There are four weeks in a month, so theoretically, biweekly pay schedules result in two employee paychecks per month. In reality, biweekly pay schedules can occasionally result in three employee paychecks per month. If your first payday of the month was Dec. 1 instead of Dec. 8, your biweekly paydays would have been Dec. 1, 15 and 29. That’s three paychecks in a month on a biweekly pay schedule.
FYI: Biweekly pay schedules result in employee payments every two weeks, but in some months, that means three paychecks.
What’s the difference between biweekly and bimonthly pay schedules?
Biweekly pay schedules can easily be confused with another popular pay schedule: semimonthly. Semimonthly pay is often referred to as “bimonthly,” though that’s not technically correct. As you can see from the definition of “biweekly,” “bimonthly” would mean every other month, while semimonthly means twice a month.
Because semimonthly pay means paychecks twice per month, and biweekly pay schedules often result in two paychecks per month, these pay schedules may seem like the same thing.

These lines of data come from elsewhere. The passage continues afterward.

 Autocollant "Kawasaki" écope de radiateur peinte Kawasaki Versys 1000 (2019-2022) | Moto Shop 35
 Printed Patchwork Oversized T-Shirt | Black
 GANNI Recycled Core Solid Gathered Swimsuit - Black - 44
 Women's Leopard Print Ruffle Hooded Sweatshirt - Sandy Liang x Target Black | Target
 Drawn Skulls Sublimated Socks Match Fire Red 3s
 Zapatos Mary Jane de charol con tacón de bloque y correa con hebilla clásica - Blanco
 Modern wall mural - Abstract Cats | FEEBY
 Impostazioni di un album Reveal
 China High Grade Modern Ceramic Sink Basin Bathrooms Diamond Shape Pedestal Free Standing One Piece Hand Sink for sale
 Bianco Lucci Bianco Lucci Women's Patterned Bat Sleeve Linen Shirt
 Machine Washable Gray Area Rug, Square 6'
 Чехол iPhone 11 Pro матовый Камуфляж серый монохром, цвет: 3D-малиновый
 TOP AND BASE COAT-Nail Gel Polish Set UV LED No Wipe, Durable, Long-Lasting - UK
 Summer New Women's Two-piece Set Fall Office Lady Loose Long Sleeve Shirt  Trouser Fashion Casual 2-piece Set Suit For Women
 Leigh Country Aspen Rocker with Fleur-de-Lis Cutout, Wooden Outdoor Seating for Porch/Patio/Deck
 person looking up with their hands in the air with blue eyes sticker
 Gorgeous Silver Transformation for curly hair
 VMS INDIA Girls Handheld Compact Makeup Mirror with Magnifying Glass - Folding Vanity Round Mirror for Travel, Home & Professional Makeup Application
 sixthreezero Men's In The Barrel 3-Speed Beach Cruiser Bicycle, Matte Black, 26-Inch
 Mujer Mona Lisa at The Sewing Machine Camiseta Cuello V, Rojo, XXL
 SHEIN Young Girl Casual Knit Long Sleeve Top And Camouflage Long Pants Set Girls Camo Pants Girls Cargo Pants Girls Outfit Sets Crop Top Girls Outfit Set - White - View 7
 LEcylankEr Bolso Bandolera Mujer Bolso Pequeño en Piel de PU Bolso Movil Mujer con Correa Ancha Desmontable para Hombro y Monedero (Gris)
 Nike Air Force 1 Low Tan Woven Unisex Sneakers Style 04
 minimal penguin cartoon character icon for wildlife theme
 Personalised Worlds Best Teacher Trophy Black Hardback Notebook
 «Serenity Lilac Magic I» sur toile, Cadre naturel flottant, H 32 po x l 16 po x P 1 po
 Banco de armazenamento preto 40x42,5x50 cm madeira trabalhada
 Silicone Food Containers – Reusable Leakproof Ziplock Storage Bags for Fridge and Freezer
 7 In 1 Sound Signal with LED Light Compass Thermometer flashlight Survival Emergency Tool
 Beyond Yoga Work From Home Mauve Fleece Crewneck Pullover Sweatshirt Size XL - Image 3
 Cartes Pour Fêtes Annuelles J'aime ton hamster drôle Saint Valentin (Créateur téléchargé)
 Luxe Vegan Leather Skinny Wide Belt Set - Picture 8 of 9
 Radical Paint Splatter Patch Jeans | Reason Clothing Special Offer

However, as the above example shows, biweekly and semimonthly aren’t quite the same. They differ in these three key ways:
- Biweekly pay schedules result in paychecks every two weeks, almost always on the same day of the week. Semimonthly pay schedules result in two payments per month, not necessarily on the same day of the week. Let’s say you pay your employees semimonthly on the 15th and 30th of the month, meaning you could wind up paying them on a Wednesday and a Thursday.
- Biweekly pay schedules can lead to three employee paychecks in certain months. However, semimonthly pay schedules always lead to two employee paychecks per month.
- Because there are 52 weeks in a year, biweekly pay means 26 employee paychecks per year. Since there are 12 months in a year, semimonthly pay means 24 employee paychecks per year. Consequently, biweekly checks may contain a slightly smaller amount of wages than semimonthly checks.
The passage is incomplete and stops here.